Thursday, January 29, 2015

52 Ancestors 2015: #5 William Holzlider, Plowing Through "Chunks"

William Holzlider, center.  On either side of him are his children, Stella and Russell.
Also pictured is Stella's husband, Mason McCammon, and their dog Fanny.
Photo taken about 1920, along Bear Creek in Jennings County, Indiana.
My great-great grandfather, William Holzlider, was born on January 26, 1855 in Cincinnati, Ohio. His parents, George and Mary Gertrude, were recent immigrants to America.  (Family tradition is that George was a stowaway from Luxembourg.)  William had one older sister, Anna Mary, and three younger siblings: Edward, Julia, and Lena.  I'm not sure when his family moved to Indiana, but the Holzliders were in Jennings County, Indiana by the time the Civil War broke out.  William was working as a farm laborer on someone else's farm in Decatur county when he was 15.

The Holzlider house in Pierceville, Jennings County, Indiana.
On January 30, 1887, William married Ella Dorothy Smith in Jennings County, Indiana.

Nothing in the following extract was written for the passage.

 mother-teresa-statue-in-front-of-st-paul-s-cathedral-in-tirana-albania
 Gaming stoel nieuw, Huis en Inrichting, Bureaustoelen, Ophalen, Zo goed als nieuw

He was 32, and she was 20.  William and Ella lived in Sandcreek Township, Indiana.  They had a family of six children: three boys and three girls.

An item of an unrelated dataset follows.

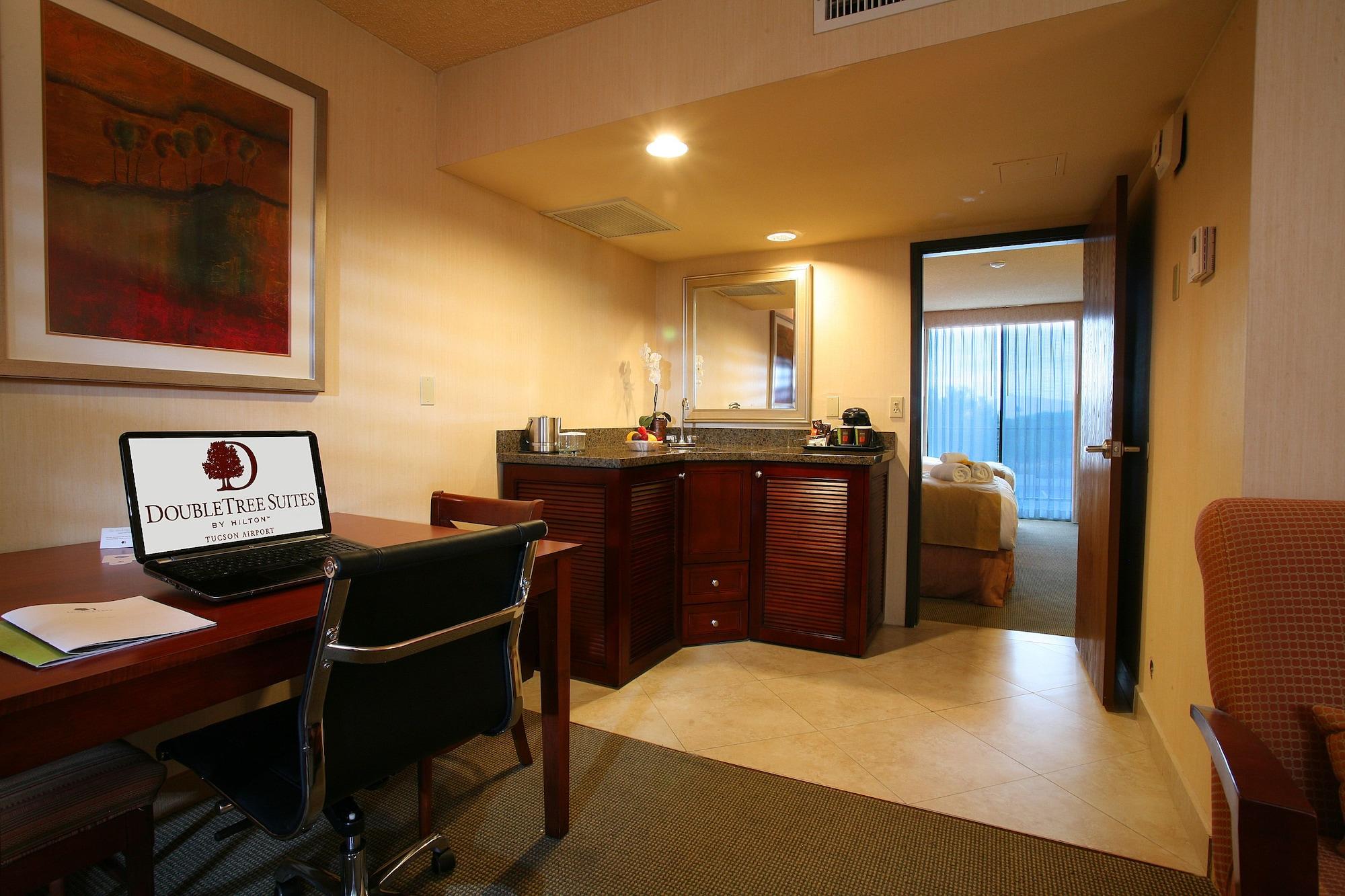 Doubletree Suites By Hilton Tucson Airport Bagian luar foto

William purchased 40 acres of woodland for $700 in Pierceville, Indiana in 1902 or 1903. I'm sure it was quite a job to clear the land of trees.  According to a letter written by William's daughter Bertha, the ground was all in "chunks." William and his young sons, Omer and Clyde (my great grandfather), worked hard plowing the land to make it tillable.

William's grandaughter
Martha Holtzlider in 1937.
One day in 1907, William bought a supply of lumber so that he could expand his house. Somehow, the house caught on fire that very night.  The family Bible was destroyed.  The two youngest Holzlider children, Russell and Bertha, were placed outside on a mattress that was saved from the burning house. The following day, neighbors came over and helped rebuild the house.

Ella Holzlider died in 1917 at the age of 51.  In 1920, William was still running a farm at the age of 64, with Russell and Bertha living at home.  William had retired from farming by 1930 and was living with his son Russell and his wife in Indianapolis.

My grandmother, Martha Holtzlider (pictured at right), wrote a letter in 1985 to her uncle Russell Holzlider, describing her only memory of her grandfather William:

I do remember singing to Grandpa Holzlider during what I believe was his last illness.  I was about 6 years old and it was an awesome experience for one so young and I have never forgotten standing by his bed and singing.  I don't remember the name of the song. That is the only recollection I have of Grandpa Holzlider.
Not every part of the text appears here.